Cependant, malgré que les deux côtés de l'Atlantique se partagent un agenda international avec d'importants points de consensus, la proposition nord américaine de " pont transatlantique " occulte l'intention d’effacer le Consortium franco-allemand et ainsi d'assurer l'hégémonie de l'industrie militaire étasunienne en alliance avec les principaux entrepreneurs britanniques de la défense. Situation à laquelle ne sont pas étrangers les allemands et les français, ce qui a déterminé une certaine lutte, pas toujours de manière ouverte et publique, mais qui est par moments sous-jacente aux relations fluides de l’UE et des EEUU.

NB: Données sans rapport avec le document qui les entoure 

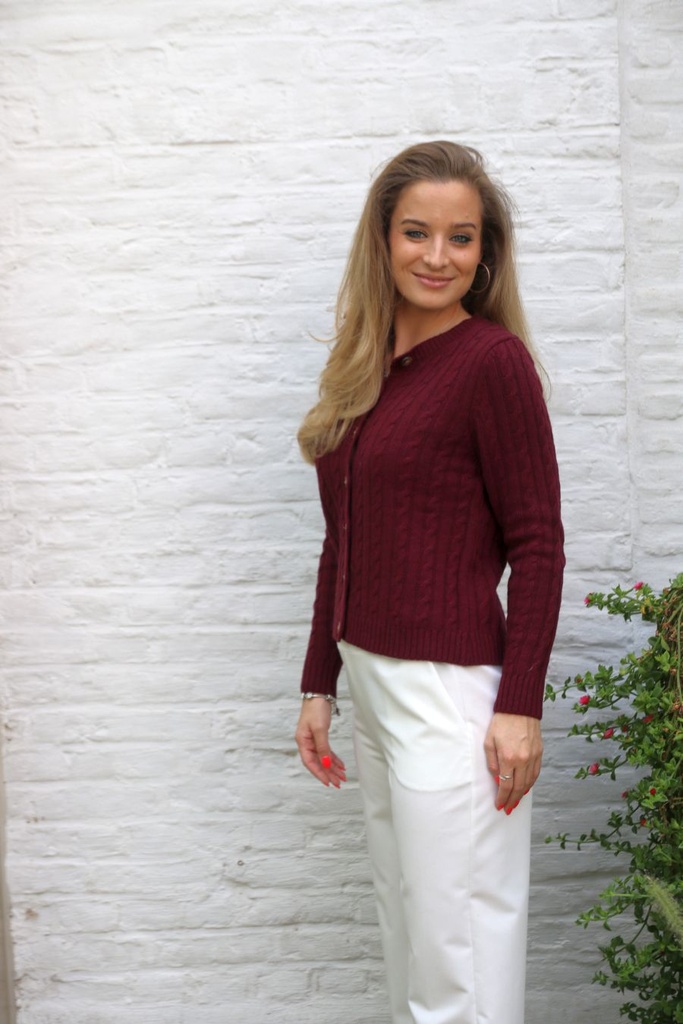 [10017419] Cardigan Lora nm90 kabelsteek ronde hals doorgeknoopt - Bordeaux Detail
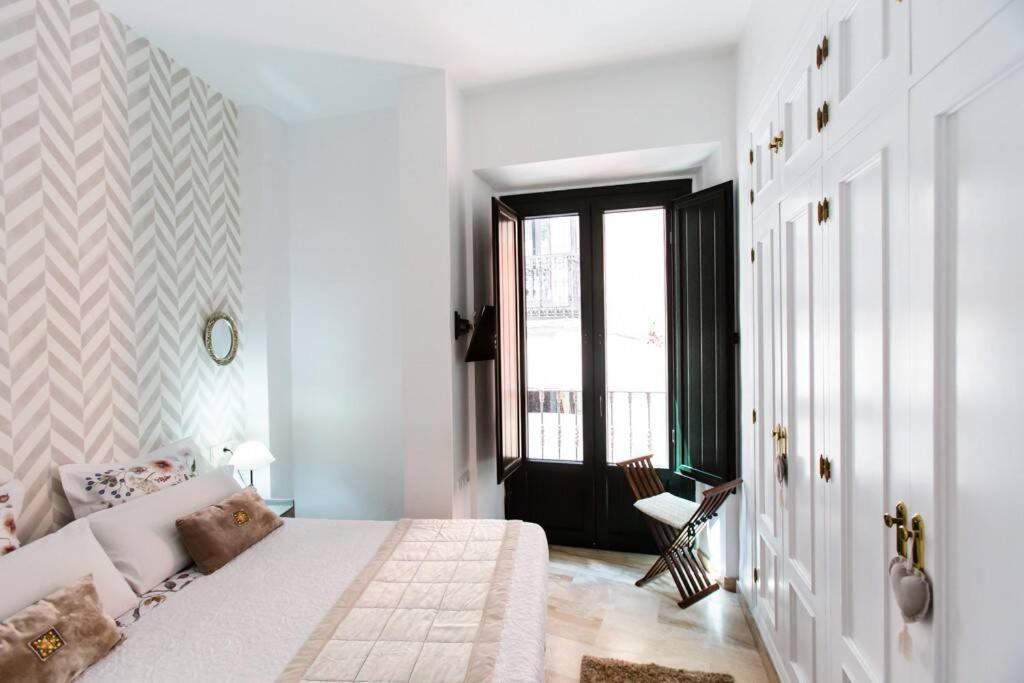 Cheap & Chic In The Center Of Appartement Séville
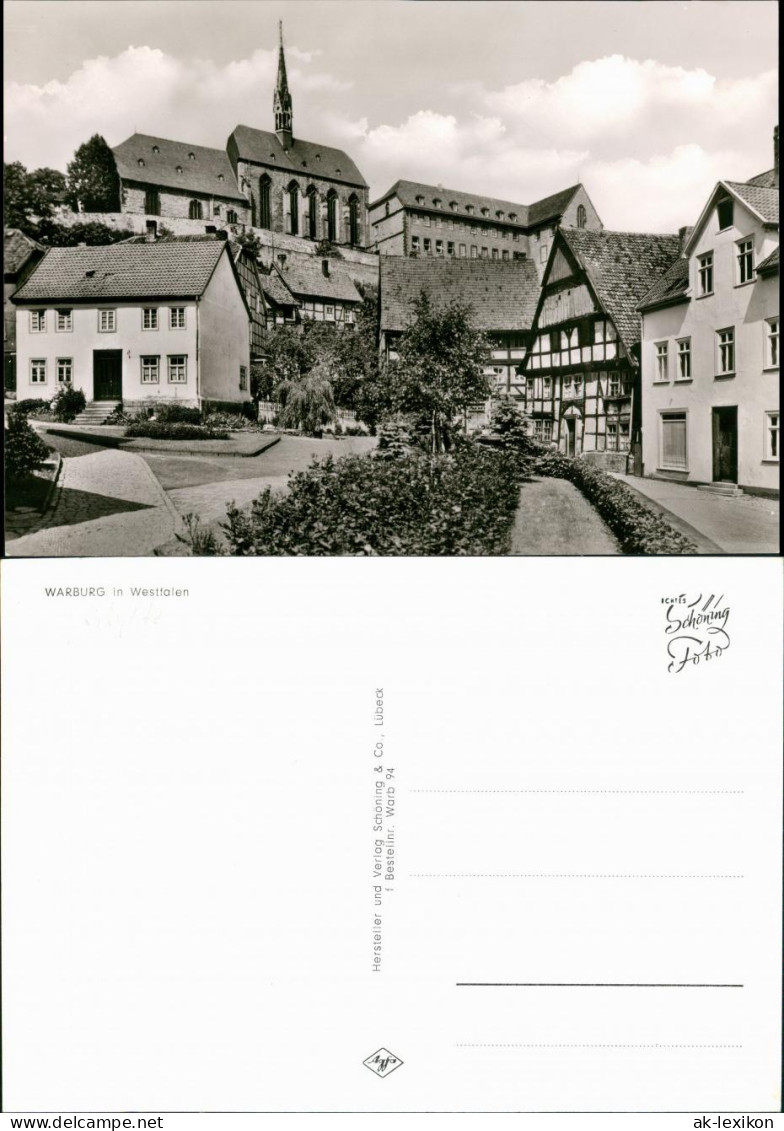 Ansichtskarte Warburg Teilansicht, Strassen Partie mit Blick zur Kirche 1960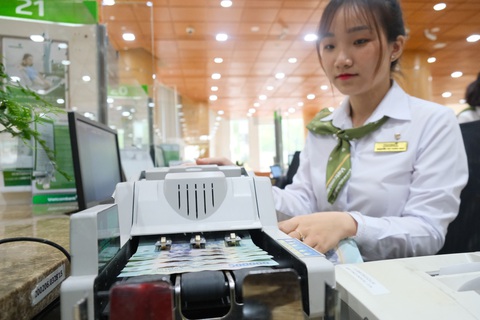 Lãi suất huy động dưới 3 tháng tại nhóm Big4 chỉ còn 3%/năm - Ảnh 1. Các ngân hàng đang chạy đua giảm lãi suất huy động - Ảnh: NGỌC PHƯỢNG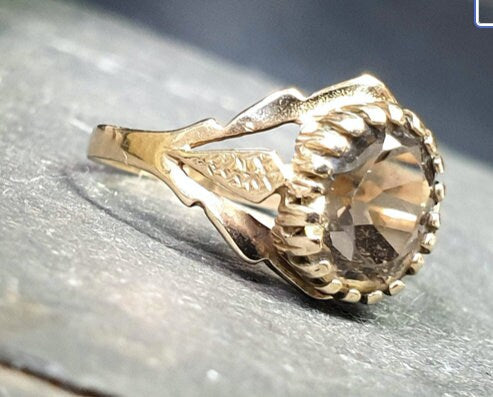 Vintage 9ct GOLD Smoky Quartz Ring with Leaf Detail - Size uk O (us 7.5) - 1.8g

L'axe franco allemand : rivalise et coopère également

L'ensemble franco allemand en matière de production aérospatiale et de défense est dirigé, en dernière instance, contre l'hégémonie étasunienne du marché de l'armement, assise sur l'association entre des cinq grands américains (Lockeed Martin, Raytheon, General Dynamics, Boeing, Northop Grumman et BAES) et l'industrie de défense britannique sous les clauses de l'accord de " pont transatlantique".

Dans ce contexte, et depuis les principes des années 90, le gouvernement allemand a commencé à impulser la consolidation du complexe militaro-industriel germanique dominé par Daimler, Siemens et Krupp. Plusieurs fusions importantes d'entreprises de l'industrie de la défense de ce pays ont eu lieu en réponse aux mégafusions entre les fabricants de produits aérospatiaux et les éléphants de l'armement étasuniens.

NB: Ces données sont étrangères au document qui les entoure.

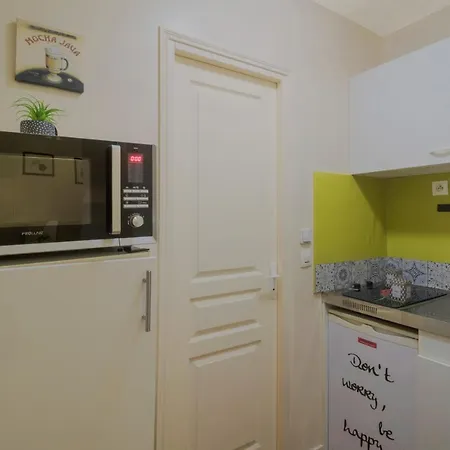 Joli Studio Au Pied Du Château * Versailles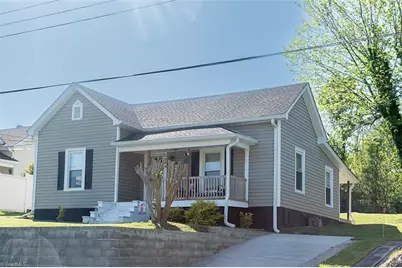 304 Broad Street, Mount Airy, NC 27030 - Photo 1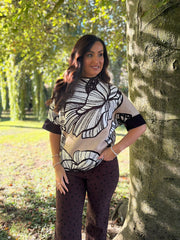 Stone Sketch Floral Knit Lyra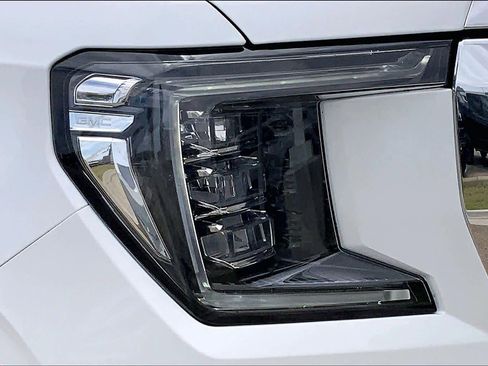 Used 2022 GMC Yukon SLT w/ SLT Premium Package AWD/4WD image 28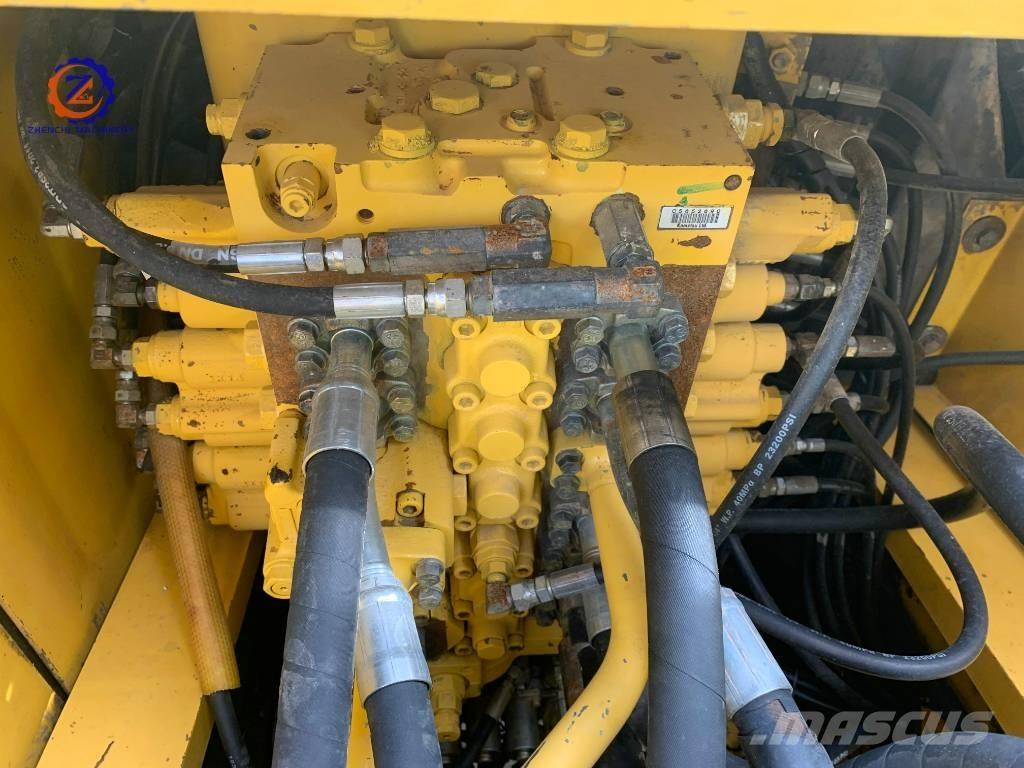 Komatsu PC 300 대형 굴삭기 29톤 이상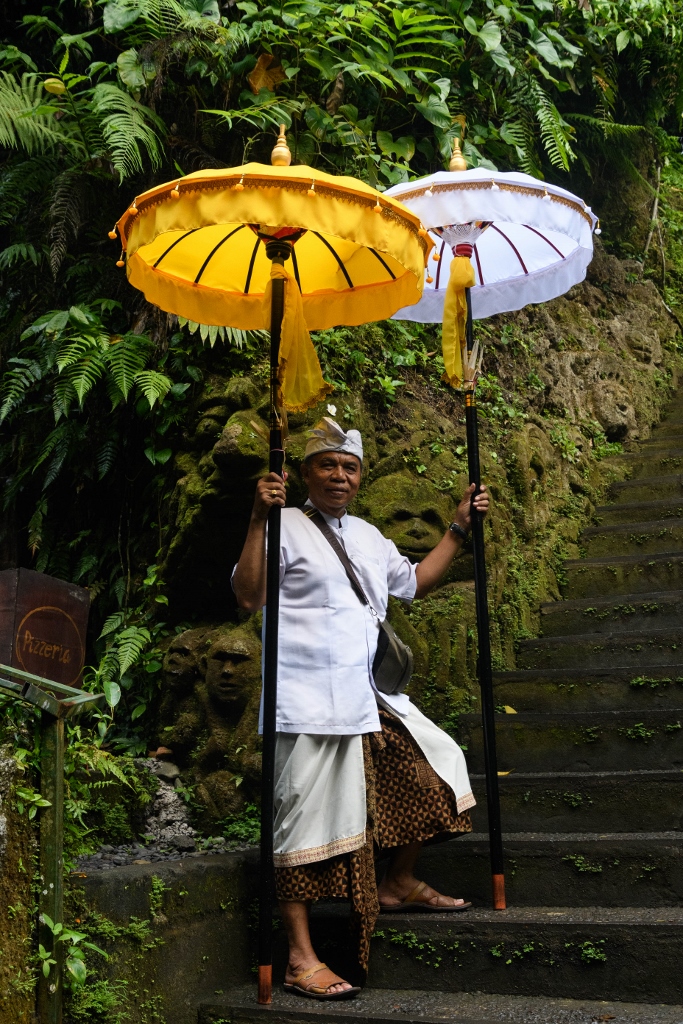Portrait d'un balinais en tenue traditionnelle dans la jungle d'Ubud, Bali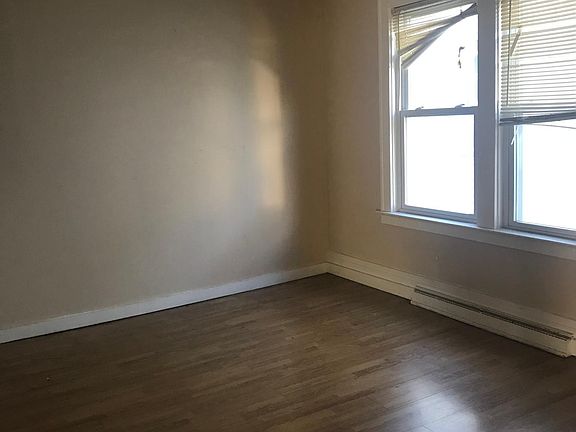 3rd image of 1418 E Delavan Ave #1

En 1996, la France et l'Allemagne ont établi une agence commune sur les armements avec le mandat " de gérer des programmes communs et d'accorder des contrats au nom des deux gouvernements ", que certains spécialistes considéraient comme prédécesseur de l'actuelle Agence Européenne de Défense (AED). À cette date les deux nations partageaient l'enthousiasme autour d'une intégration possible de la Grande-Bretagne à cette initiative.

À la fin de l'année 1999, en réponse à l'alliance de la British Aeroespace et de Lockeed Martin, l'entreprise française Aerospace Matra à fusionné avec la DASA de Daimler (division aréospaciale de Daimler-Crysler), en faisant émerger dès lors, le plus grand consortium de défense européenne. L'année suivante s'était créée l’European Aeronautic Defence and Space Co. (EADS), intégré par DASA, MATRA et l'Espagnole Construcciones Aeronáuticas SA. Dans l'actualité EADS et ses rivales anglo-étasuniennes rivalisent pour l'approvisionnement d'armement aux nouveaux membres de l’OTAN de l'Europe de l'Est.

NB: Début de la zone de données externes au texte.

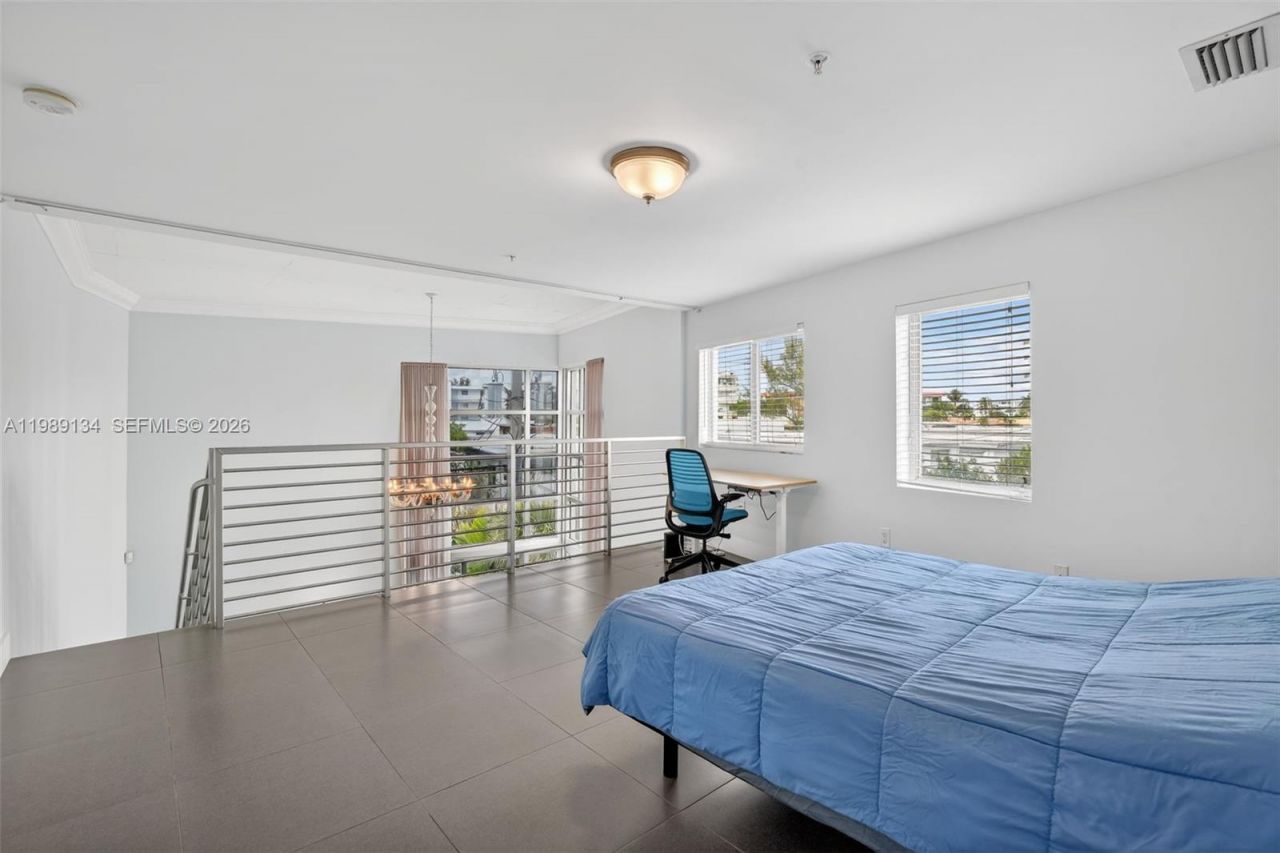 7700 Collins Ave , Unit 1, Miami Beach, FL 33141 Photo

Ainsi, le troisième plus grand entrepreneur de défense en Europe est Thomson, si ces dernières années s'était plus orienté pour développer des projets associé au fabricant d'armes étasunien Raytheon.

D'un autre côté, la France et l'Allemagne contrôle actuellement Airbus Industry (concurrente directe de Boeing étasunienne), dans laquelle la BAES britannique possède 20 % des actions restantes. Les Allemands collaborent également dans le programme de mise en orbite de satellites spatiaux Ariane, dont la Deutsche Aerospace (DASA) est l'actionnaire principal. En même temps, l'alliance Franco-allemande sur le terrain de la production militaire et sous les clauses de l’EADS, ouvre à l'Allemagne (qui officiellement est dépourvue d'armement nucléaire) les portes à son intégration dans le programme d'armement nucléaire français. Dans cette sphère, EADS produit une gamme étendue de missiles balistiques, dont le ICBMs qui peut être tiré à partir de sous-marins et qui est doté de têtes nucléaires de type M51.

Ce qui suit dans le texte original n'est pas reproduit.